Hopefully it regains contact.  A SUBMISS is scary.



> *An Indonesian navy submarine has gone missing with 53 people on board, military officials say.*
> 
> The submarine was conducting a drill north of the island of Bali on Wednesday, but it failed to report back and contact was lost.
> 
> ...











						Missing Indonesian submarine has 72 hours of oxygen left, navy says
					

Indonesia is racing against time to rescue the 53 crew of a missing submarine before the oxygen runs out.



					www.bbc.com


----------



## Good2Golf (21 Apr 2021)

Indonesian military says submarine missing with 53 on board
Article link​Hoping things end well, but the info below in yellow isn’t good news.  


> JAKARTA, Indonesia (AP) — Indonesia’s navy is searching for a submarine that went missing north of the resort island of Bali with 53 people on board, the military said Wednesday.
> 
> Military chief Hadi Tjahjanto said the KRI Nanggala 402 was participating in a training exercise when it missed a scheduled reporting call.
> 
> ...


----------



## OldSolduer (21 Apr 2021)

I hope it turns out ok but I fear its not going to.


----------



## tomahawk6 (22 Apr 2021)

Sounds like crush depth.
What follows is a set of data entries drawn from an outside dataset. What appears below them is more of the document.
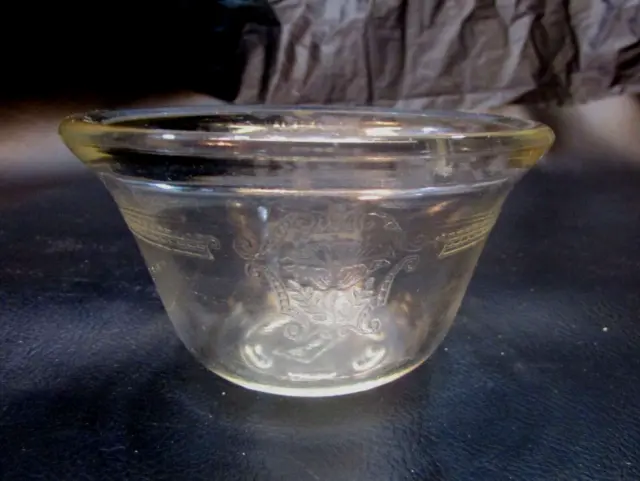 Old 1940's Glasbake Filigree Clear 2x4 Ramekin Individual Bake Cup Vintage Bowl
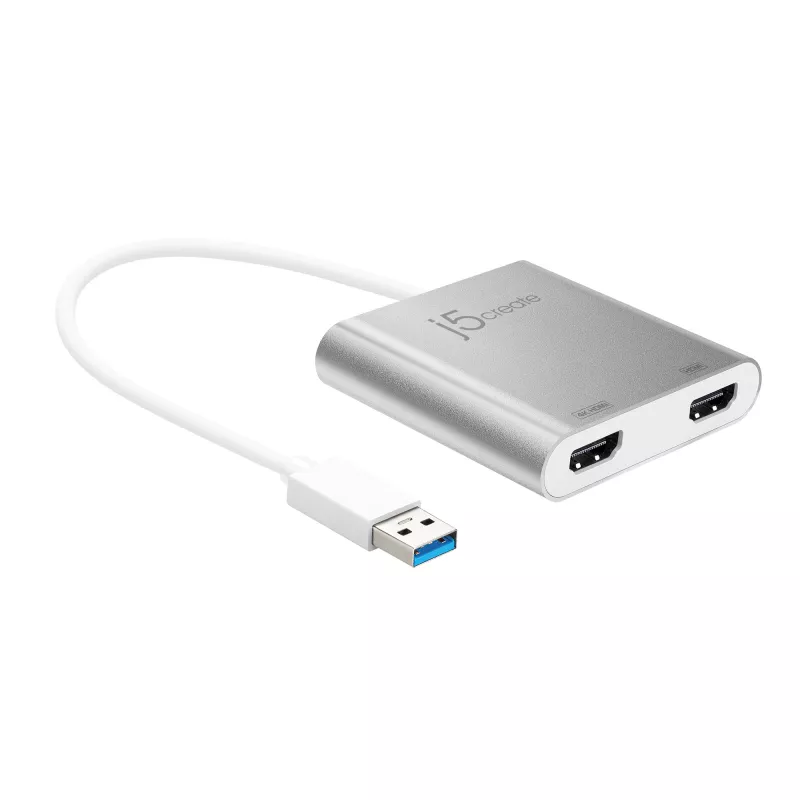 j5create JUA365 USB 3.0 į Dual HDMI kelių monitorių adapteris, sidabrinis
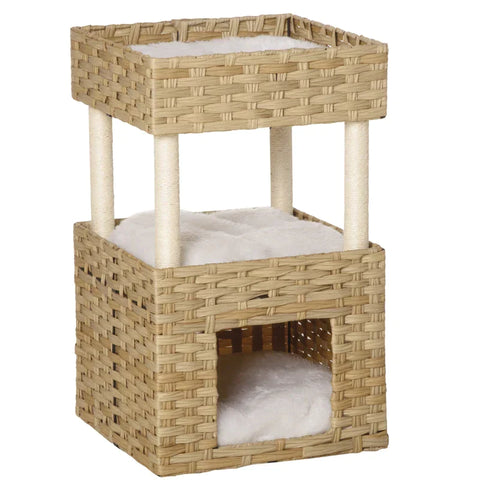 Rootz Cat Cave - Cat Basket With Scratching Post - 3-story Cat Bed - Cat Tower With 3 Cushions - Sun Roof - Sisal - Natural - 40 x 40 x 70 cm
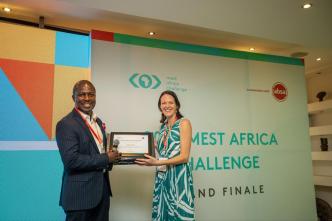 Lauren Anderson, Co-founder and CEO of Koa Academy receives a certificate of recognition after their startup wins the 2023 MEST Africa Challenge in Accra, Ghana. COURTESY PHOTO / MEST Africa via X (twitter)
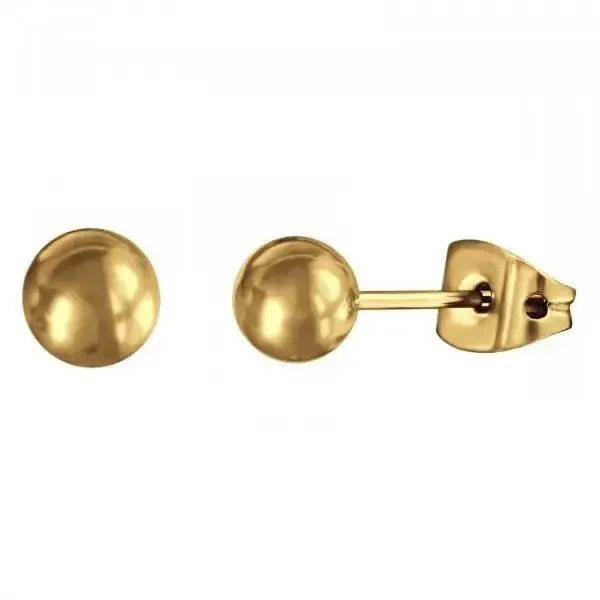 Kullatut titaaniset pallokorvakorut 5 mm - titaanikorvakorut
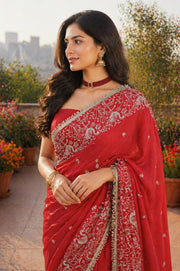 Women’s Embroidered Saree with Floral Border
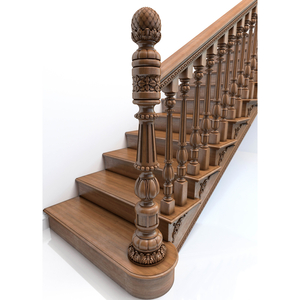 Hardwood round custom newel post with floral ornamentation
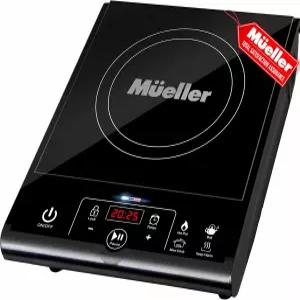 Mueller RapidTherm 휴대용 인덕션 쿡탑 핫 플레이트 조리대 버너 1800W 8가지 온도 레벨 타이머 자동 차단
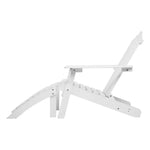 Gardeon 5PC Adirondack Outdoor Table and Chairs Wooden Sun Lounge Patio Furniture White - Furniture > Outdoor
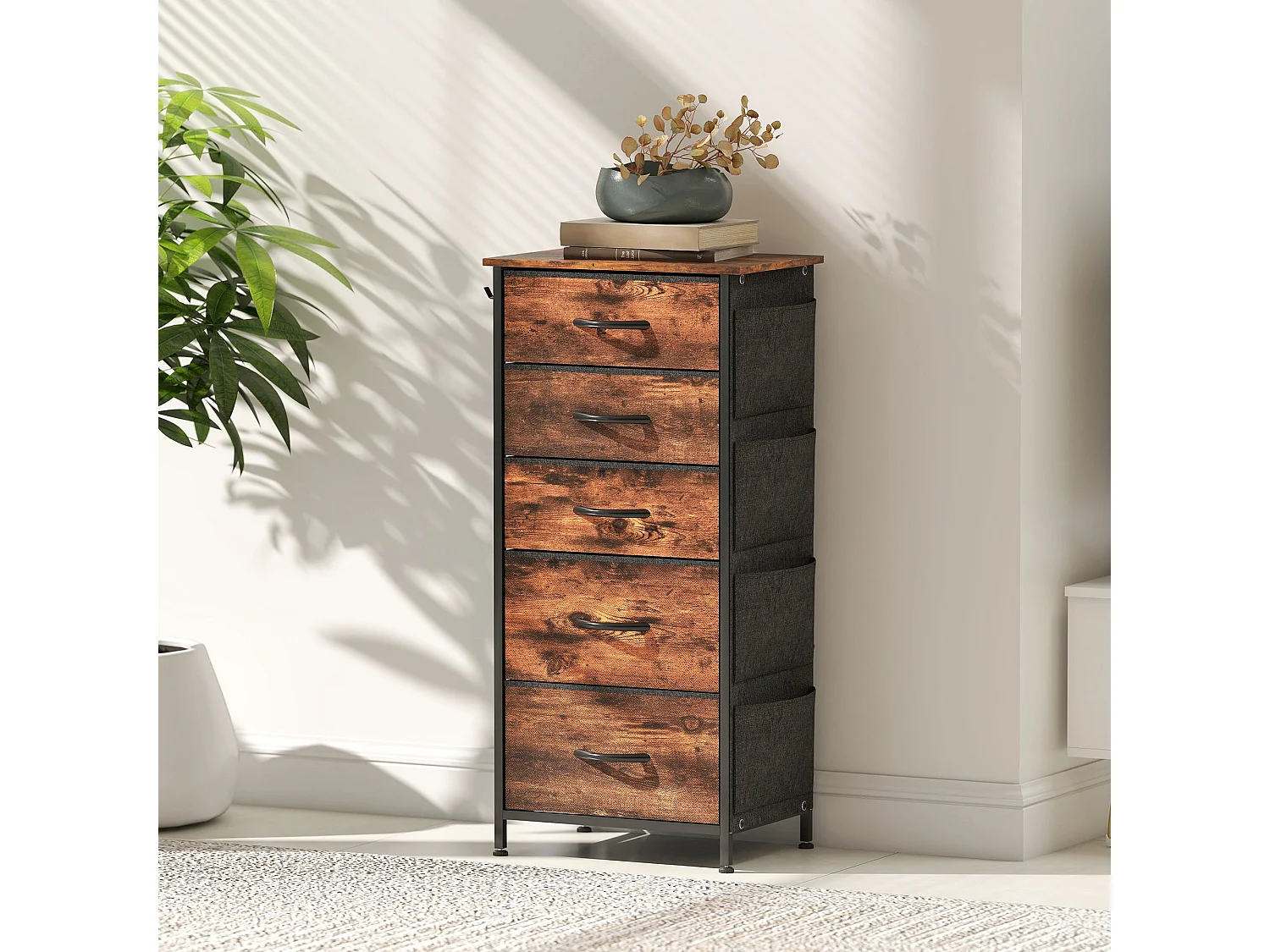 Kepa 5 Drawer Fabric and Metal Storage Chest Rustic Brown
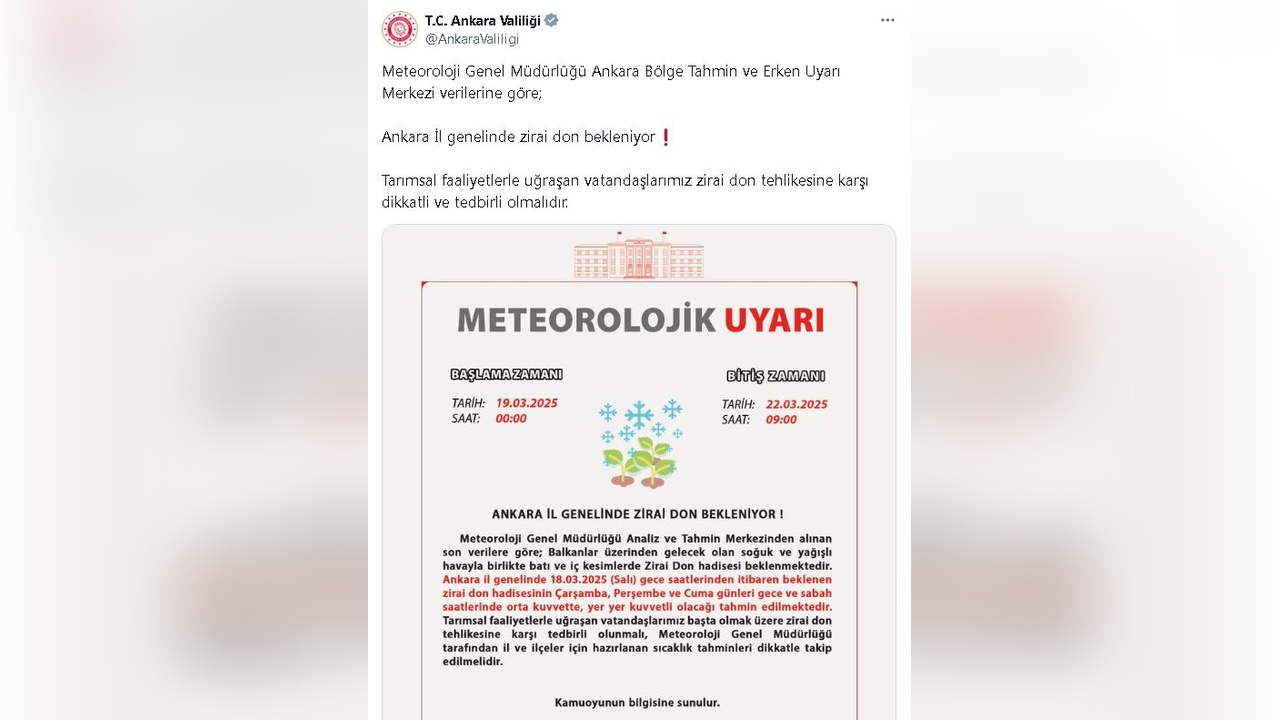 Ankara'da Zirai Don Tehlikesine Dikkat!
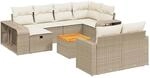 vidaXL 11-Tlg Garten-Sofagarnitur mit Kissen Beige Poly Rattan 3266258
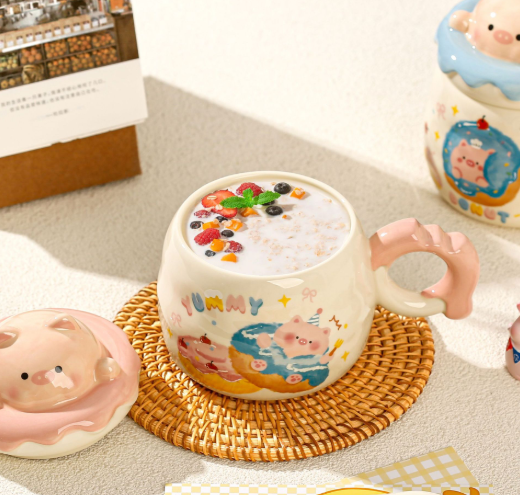 Cute Creative Ceramic Mug – Student Coffee & Water Cup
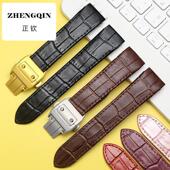 适用代用同款 卡地亚表带山度士真皮表带桑托斯100男 女手表蝴蝶扣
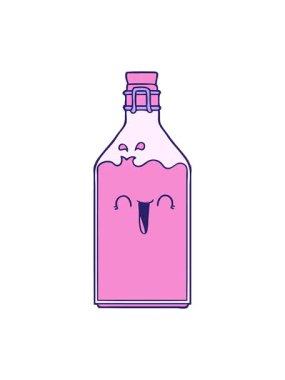 Titreyen hareketli eski meyve suyu şişesinin animasyonu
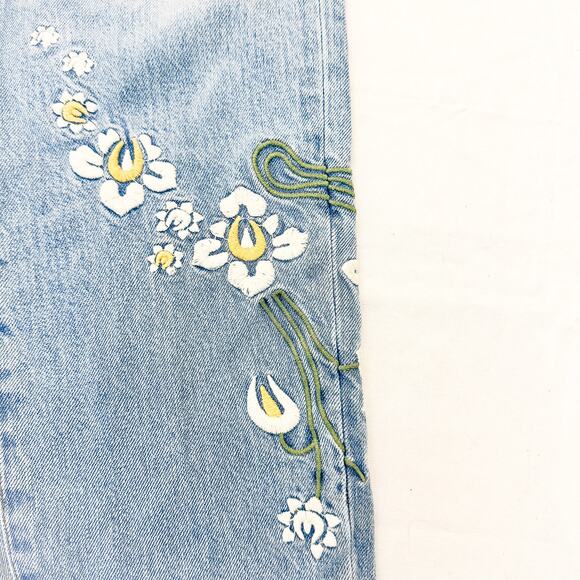 Madewell The Perfect Vintage Jean Embroidered Light Wash Denim Size 28 - Picture 7 of 9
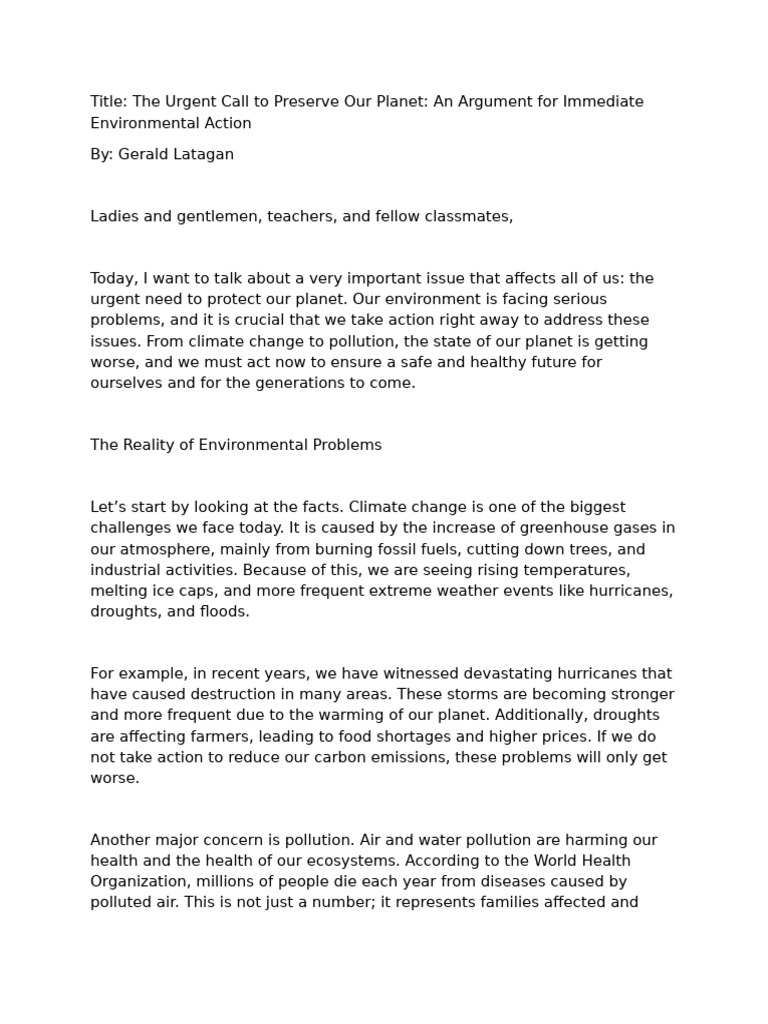 Urgent Action for Environmental Protection | PDF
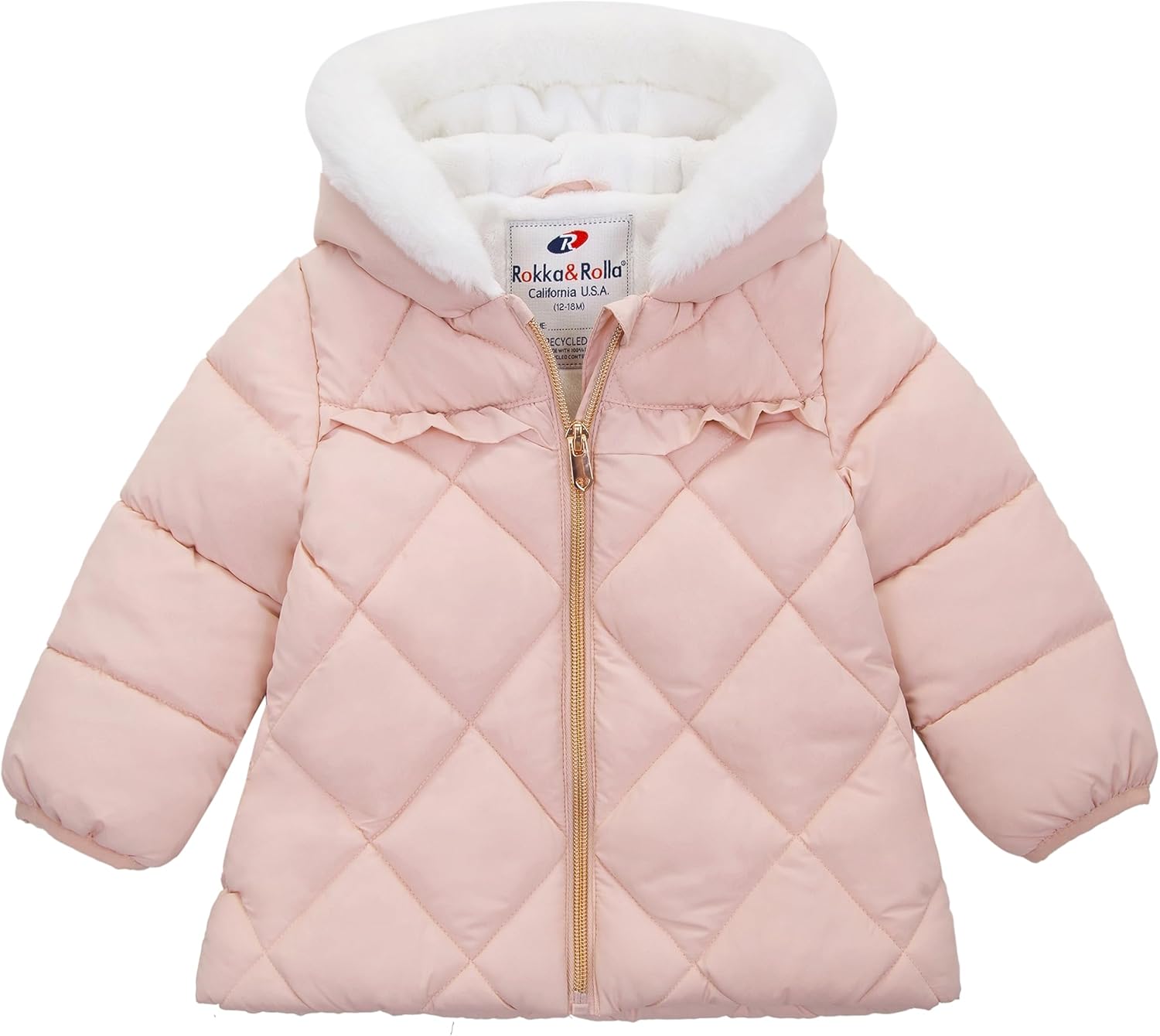 Rokka&Rolla Baby Girls' Water-Resistant Puffer Jacket Hooded Winter Coat with Soft Mini Fur Lining
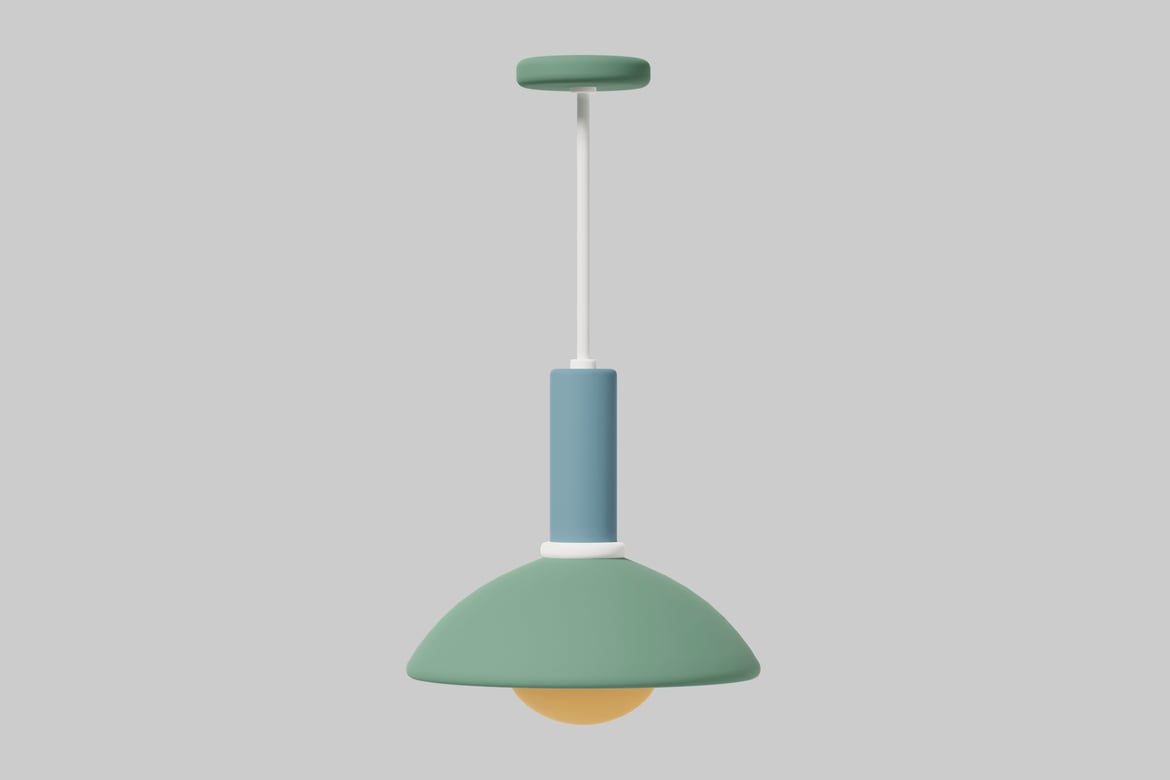 Download Pendant light fixture with green dome-shaped shade and cylindrical stem 3D Model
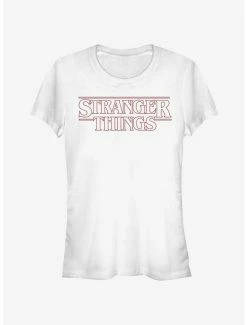 Best Pirce 💯 Stranger Things Stranger Red Outline Logo 👧 Girls T-Shirt 💯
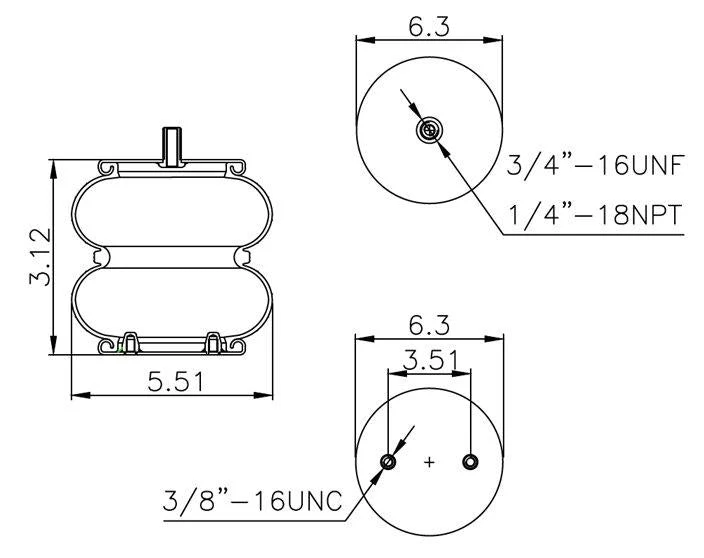 Elite Truck Parts Air Spring - Double Convoluted - Hendrickson | ETP-7795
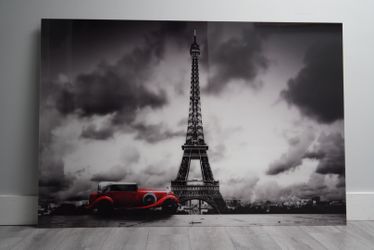 Large Eiffel Tower Wall Art – Modern Black & White with Red Accent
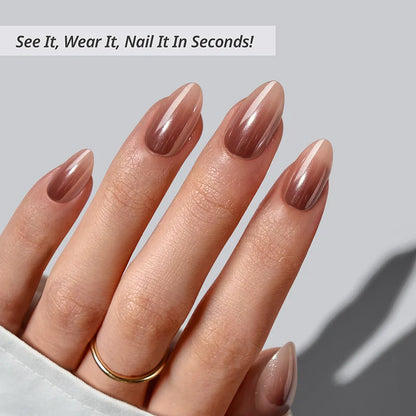 Molten Chrome Almond Nails - Soft Gel Press On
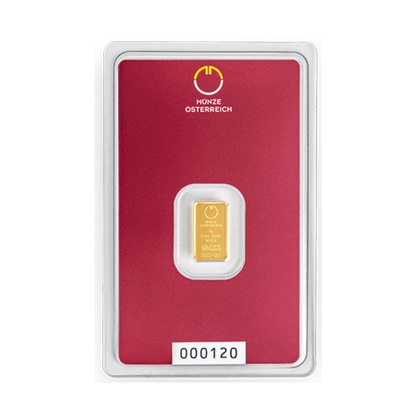 1g Münze Österreich zlatá investičná tehlička
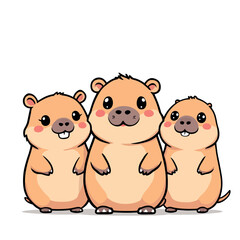 Vsai three cute cartoon gophers standing together, smiling and looking forward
Prayers out to their families and comrades.


----------



## tomahawk6 (23 Apr 2021)

The search continues.









						Missing Indonesian submarine: US, Australia help search for 53 crew members running low on oxygen
					

Australia has committed two warships to the search effort, while the U.S. adds a reconnaissance plane to help Indonesia’s navy locate a missing submarine with 53 crew members aboard.




					www.foxnews.com


----------



## tomahawk6 (24 Apr 2021)

The sub may have been located.



			The Indonesian navy says it found an unknown object with 'strong magnetic resonance' in search for its missing submarine, which has less than 24 hours of oxygen left


----------



## Pelorus (24 Apr 2021)

tomahawk6 said:


> The sub may have been located.



Unfortunately with submarine incidents it seems like the location of the sub itself often results in ultimately finding the metal grave of its crew. Hopefully this isn't the case; best of luck to the recovery effort.


----------



## Gorgo (24 Apr 2021)

Sad news...



			Indonesia navy declares lost sub with 53 aboard sunk
		


Fair winds and following seas, friends.  May you be welcomed into Paradise with open arms.  Your work is all done here; we have the watch.


----------



## tomahawk6 (26 Apr 2021)

Sub wreckage Found in 3  Parts

Might give families some closure.



			Sunk Indonesian submarine found split into three


----------



## Halifax Tar (26 Apr 2021)

For those in peril.  I hope they are at peace now.


----------